Jason Garrett Still Looks Like Dallas Cowboys' One-Trick Pony

Mike CarleyCorrespondent IOctober 1, 2009

PITTSBURGH - DECEMBER 7:  Head Coach Wade Phillips and Offensive Coordinator Jason Garrett of the Dallas Cowboys look on from the sideline during their NFL game against the Pittsburgh Steelers on December 7, 2008 at Heinz Field in Pittsburgh, Pennsylvania. The Steelers defeated the Cowboys 20-13. (Photo by Gregory Shamus/Getty Images)

I never thought I would say this, but it would have been interesting to see the Cowboys lose on Monday night.

True, the devastating explosion of rage that would have emanated from my apartment with more force than the atom bomb dropped on Nagasaki might have obstructed any sick sense of interest I might have had in watching Jerry Jones behead his coaching staff like a French Revolution-era executioner.  Literally.  While broadcasting it live on the jumbo-est of Jumbotrons.  While wearing cowboy boots.

But after THE most discouraging and uninspired half of football (out of the eight) ever played in Cowboys Stadium (take that corporate sponsorship), all it took was a reportedly legendary halftime diatribe by Wade Phillips to lead the Cowboys to 21 unanswered second half points and an apparently easy victory over the Panthers on Monday Night Football.

It was relieving to finally see the Cowboys' defense step up, start executing, and force some takeaways and (gasp) even sacks!

(Playing 2009 Jake Delhomme never hurts.)
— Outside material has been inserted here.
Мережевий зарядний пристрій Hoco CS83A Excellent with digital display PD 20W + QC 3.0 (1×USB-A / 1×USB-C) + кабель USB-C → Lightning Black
Wade took a lot of heat off himself rallying the team and the defense to a win Monday night.

Conversely, I have yet to meet a single individual who was happy with the way Jason Garrett called that game.

True the offense did post its second consecutive 200-yard game, an accomplishment that is absolutely nothing to sneeze at since it hasn't been done by a Cowboys team since the days of Tony Dorsett. 

However, I would present the argument that this phenomenal occurrence happened despite Jason Garrett's best efforts.

Two instances stand out like scarlet letters on the lapel of an unholy and unnatural offensive game plan that seemed to fly in the face of the most logical ways to attack the Panthers' defense.

The first occurred on the first drive of the game, in which, if you recall, the Cowboys were ripping off first downs and seamlessly slicing through Carolina's defense after a long catch-and-run and long run by Felix Jones. 

After a short gain up the middle on first down, Romo dropped back to pass on 2nd-and-9, held the ball, looked like he was waiting for something, and then simply dropped to the ground and took a sack for a 10-yard loss, something you rarely see from the slippery and determined signal caller.

The sack in itself was disheartening, but became exceedingly so when Ron Jaworski calmly explained that this was a play action trick-play intended for Martellus Bennett, in which Bennett goes in motion, pretends to fall down so his defender leaves him, only to hop up real quick to scoot out the backside as the only receiver on the play. 

It is one of the most commonly used tight end trick plays in the game. You know, as an FYI for all those avid fans of tight end trick plays and all.

However, Martellus either failed to get up or was held up trying to get out of the amalgamation of offensive and defensive linemen furiously beating the living sense out of each other. 

The bottom line is Martellus Bennett, the only receiver running a route on the play, was unable to get out on said aforementioned route.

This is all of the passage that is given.